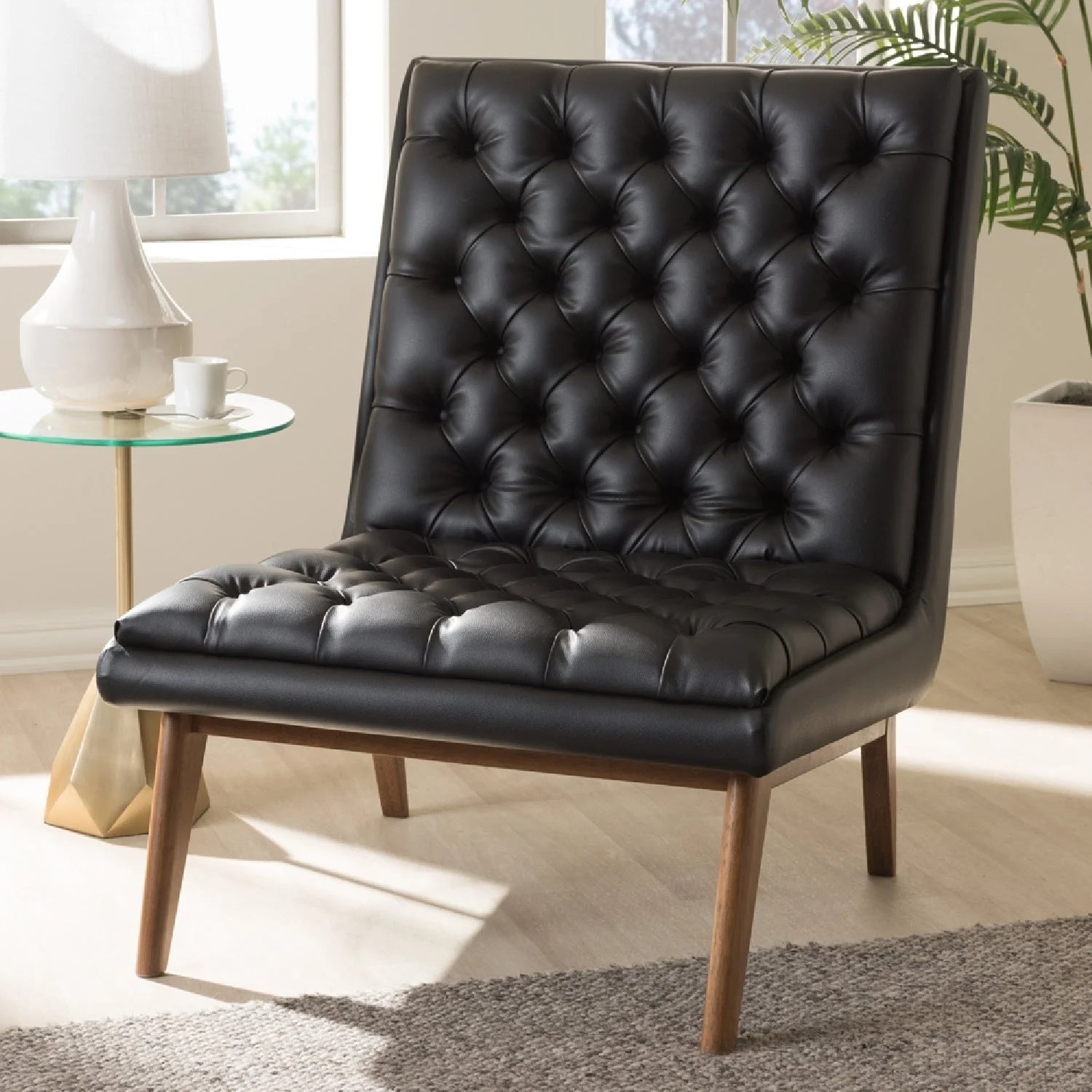 Luxury Black Leather Lounge Chair Modern Italian Style for Villa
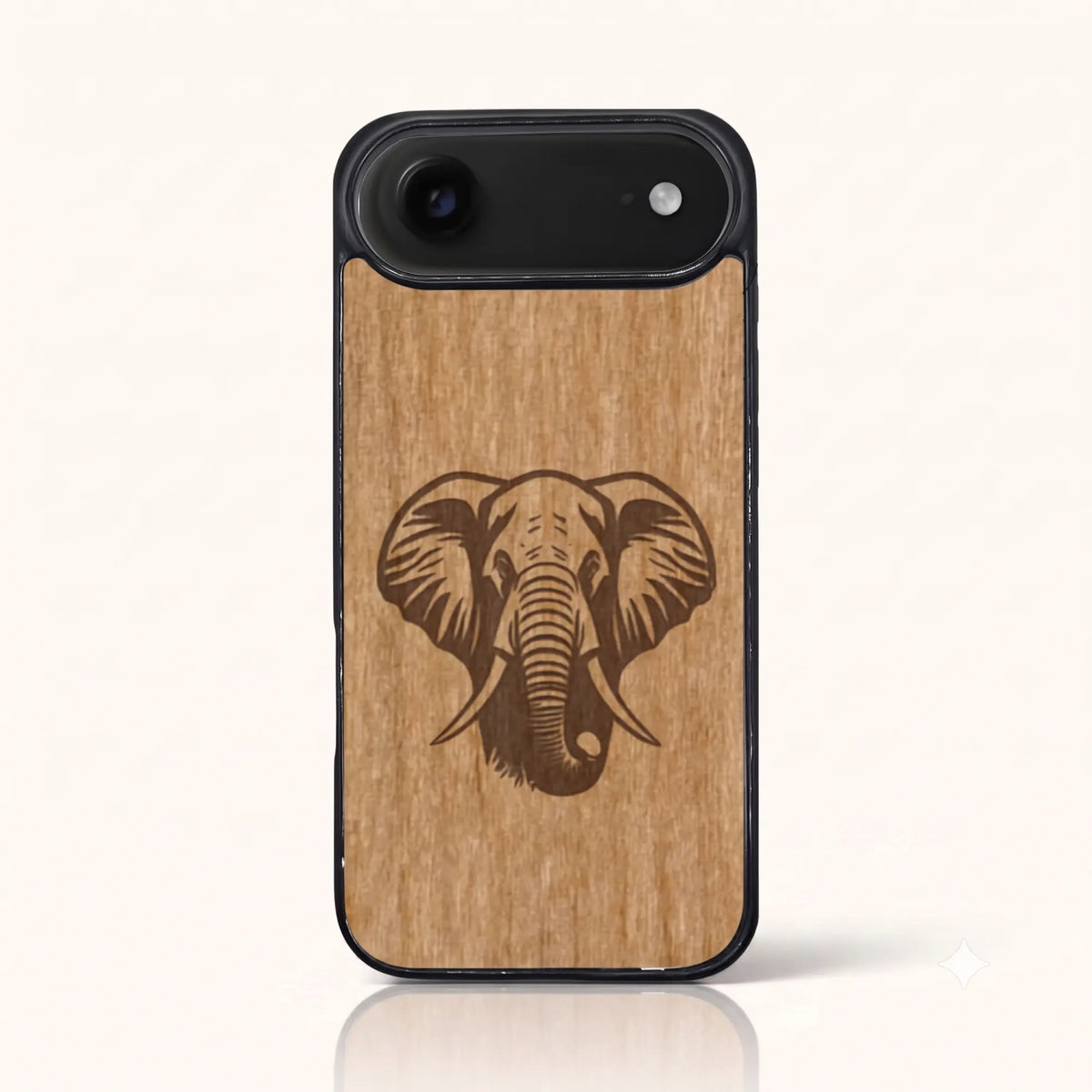 Coque iPhone Air – Éléphant en bois de tilleul clair
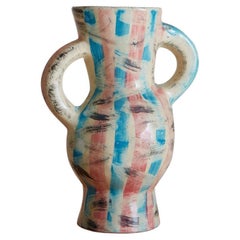 Blue and Pink Ceramic Vase with Handles, France, 20th Century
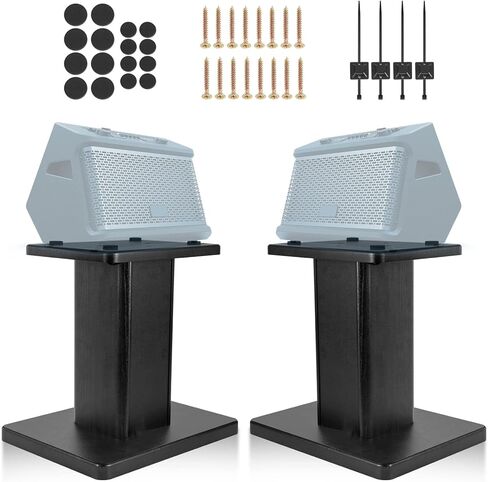 Pair Bookshelf Speaker Stands - 12" Tall Heavy Duty Desktop Rear Speaker Stands for Surround Sound Home Theater, Black Wood Studio Monitor Stand - Supports 60 lbs in Kuwait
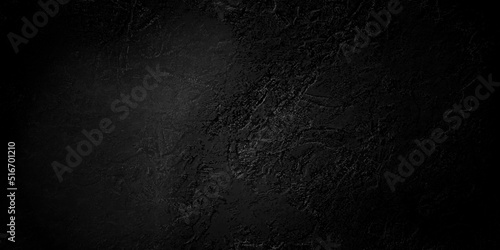 Dark black grunge textured concrete background. Panorama dark grey black slate background or texture. Vector black concrete texture. Stone wall background.	
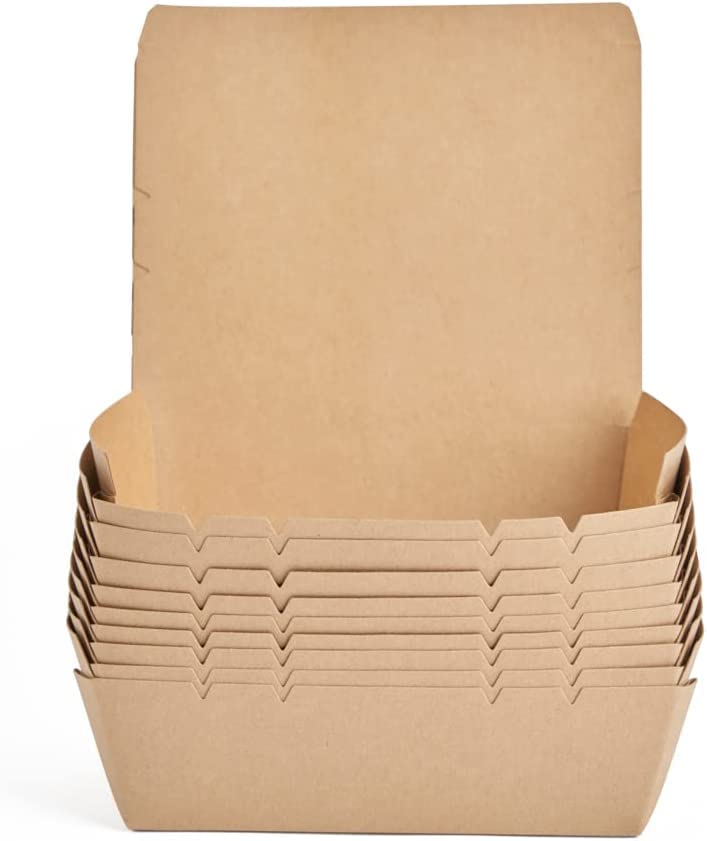 ecowaySmall Kraft Lunch Box Without Window Food Container Made With Craft Paper For Meals & Dessert, Container, Disposable, Eco-friendly, Compostable, Paperbox Restaurants - Pack Of 25, Brown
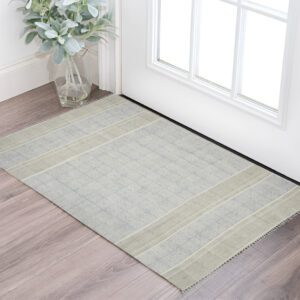 2' X 3' Ivory And Gray Oriental Flatweave Handmade Distressed Area Rug With Fringe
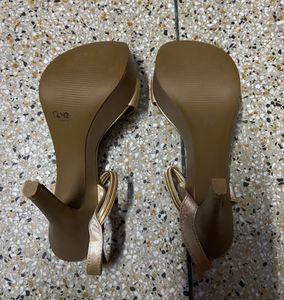 Golden Lightweight New Heels and Rhinestone Detail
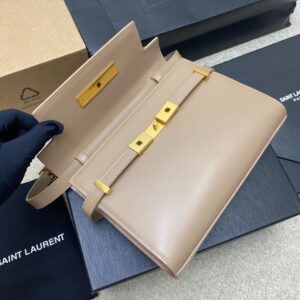 Toothpick Textured Leather Bag Green with Antique Gold Hardware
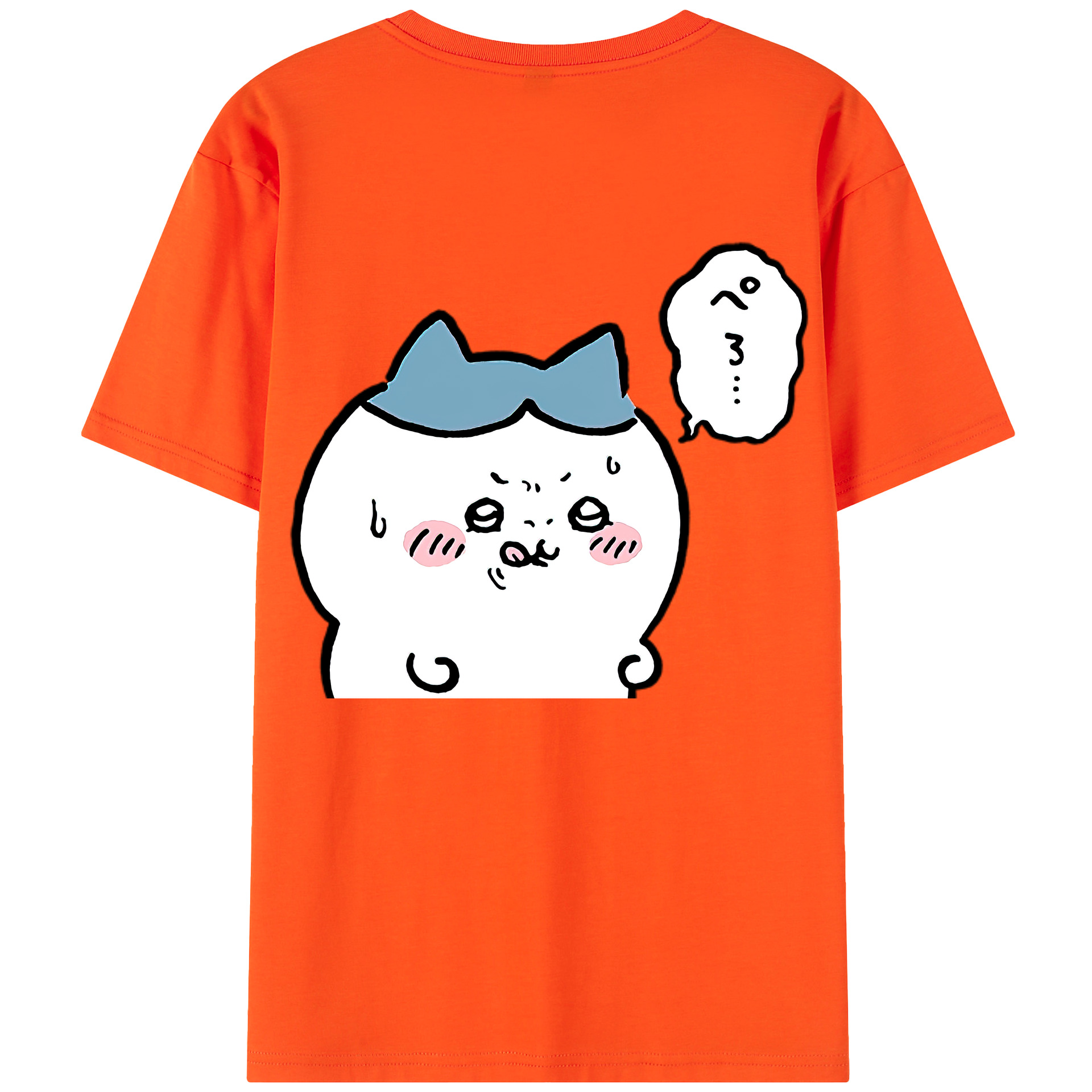 （画像用） ちいかわ ハチワレ Chii-kawa hachiware 綿100％半袖Tシャツ（背面プリント）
━━━
Your task is to repeat the records exactly. Images do not belong in the copy.

 Luxury Black Leather Lounge Chair Modern Italian Style for Villa
 Coque iPhone Air – Éléphant en bois de tilleul clair
 Blue and Pink Ceramic Vase with Handles, France, 20th Century
 Pair Bookshelf Speaker Stands - 12" Tall Heavy Duty Desktop Rear Speaker Stands for Surround Sound Home Theater, Black Wood Studio Monitor Stand - Supports 60 lbs in Kuwait
 Dark black grunge textured concrete background. Panorama dark grey black slate background or texture. Vector black concrete texture. Stone wall background.	
 ecowaySmall Kraft Lunch Box Without Window Food Container Made With Craft Paper For Meals & Dessert, Container, Disposable, Eco-friendly, Compostable, Paperbox Restaurants - Pack Of 25, Brown
 2' X 3' Ivory And Gray Oriental Flatweave Handmade Distressed Area Rug With Fringe
 Golden Lightweight New Heels and Rhinestone Detail
 Toothpick Textured Leather Bag Green with Antique Gold Hardware
 （画像用） ちいかわ ハチワレ Chii-kawa hachiware 綿100％半袖Tシャツ（背面プリント）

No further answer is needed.